Exercise instructions:
Output the listing word for word, minus pictures.
- - - - - - -
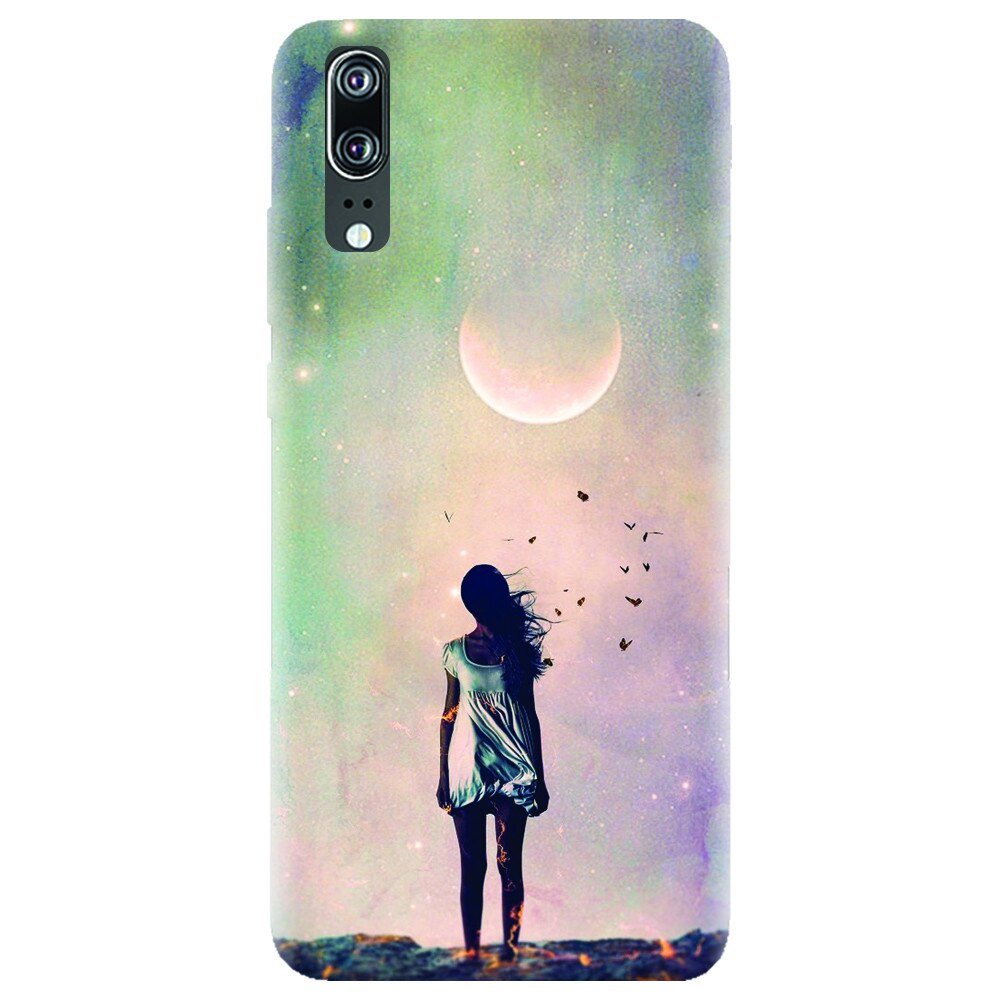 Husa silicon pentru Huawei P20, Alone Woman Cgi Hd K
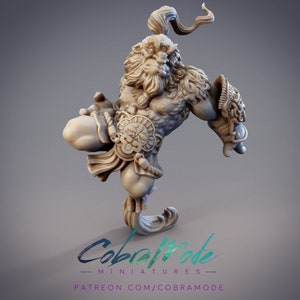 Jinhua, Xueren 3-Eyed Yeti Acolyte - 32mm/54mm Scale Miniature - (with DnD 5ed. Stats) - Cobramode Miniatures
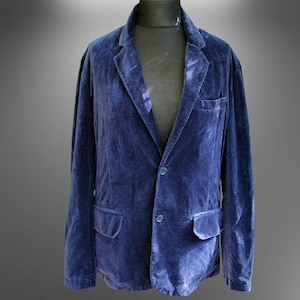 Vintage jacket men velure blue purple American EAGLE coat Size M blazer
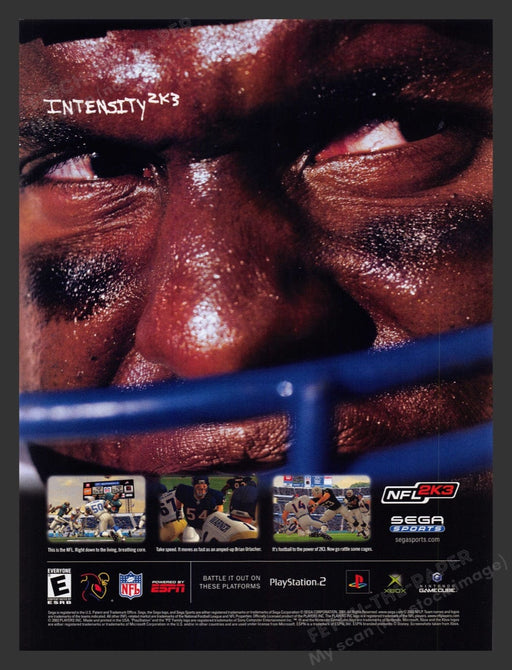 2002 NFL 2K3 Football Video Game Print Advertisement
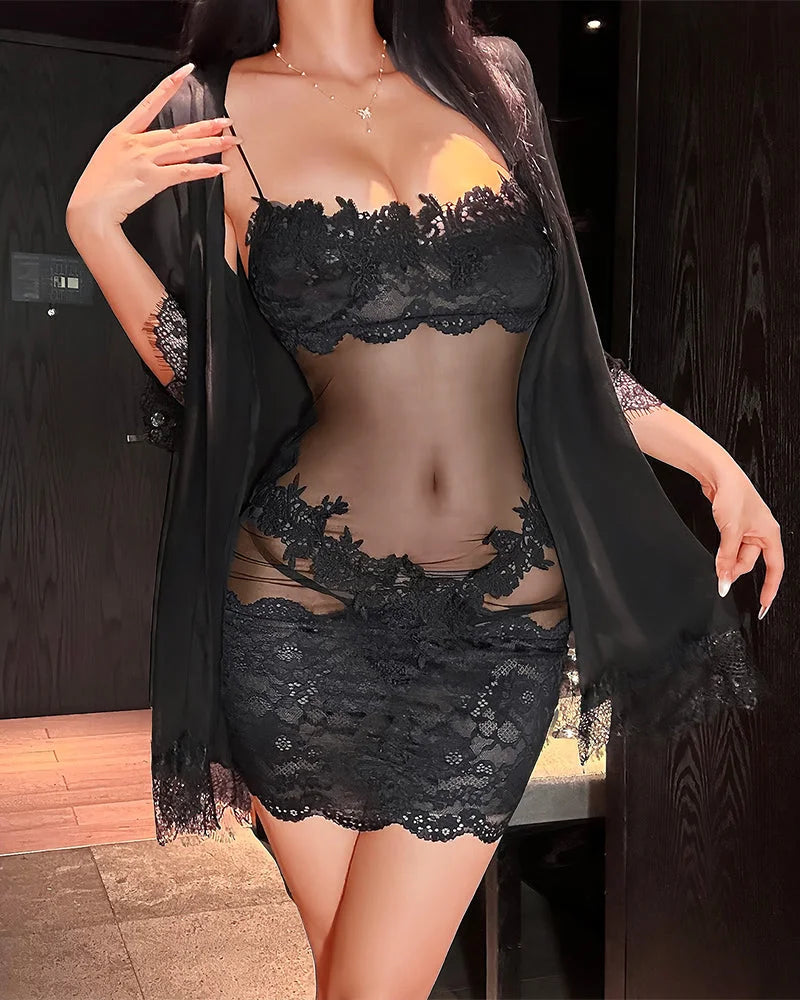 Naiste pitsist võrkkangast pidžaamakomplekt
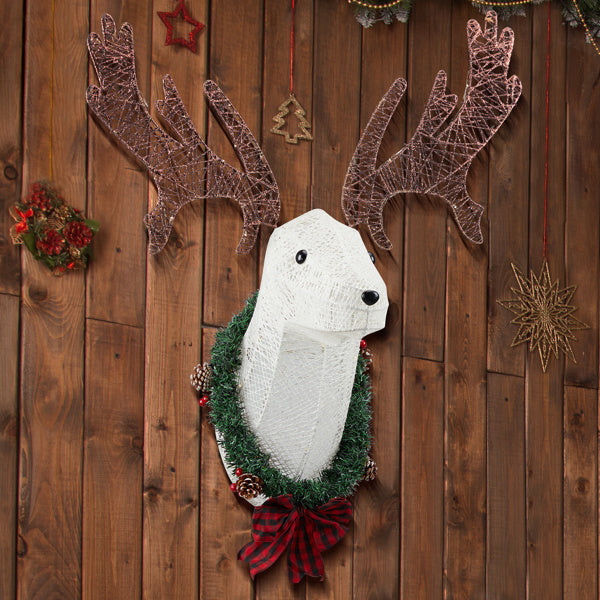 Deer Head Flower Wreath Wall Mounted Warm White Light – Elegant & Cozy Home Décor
- - - - - - -
Answer to the exercise:
 Husa silicon pentru Huawei P20, Alone Woman Cgi Hd K
 Jinhua, Xueren 3-Eyed Yeti Acolyte - 32mm/54mm Scale Miniature - (with DnD 5ed. Stats) - Cobramode Miniatures
 Vintage jacket men velure blue purple American EAGLE coat Size M blazer
 2002 NFL 2K3 Football Video Game Print Advertisement
 Naiste pitsist võrkkangast pidžaamakomplekt
 Deer Head Flower Wreath Wall Mounted Warm White Light – Elegant & Cozy Home Décor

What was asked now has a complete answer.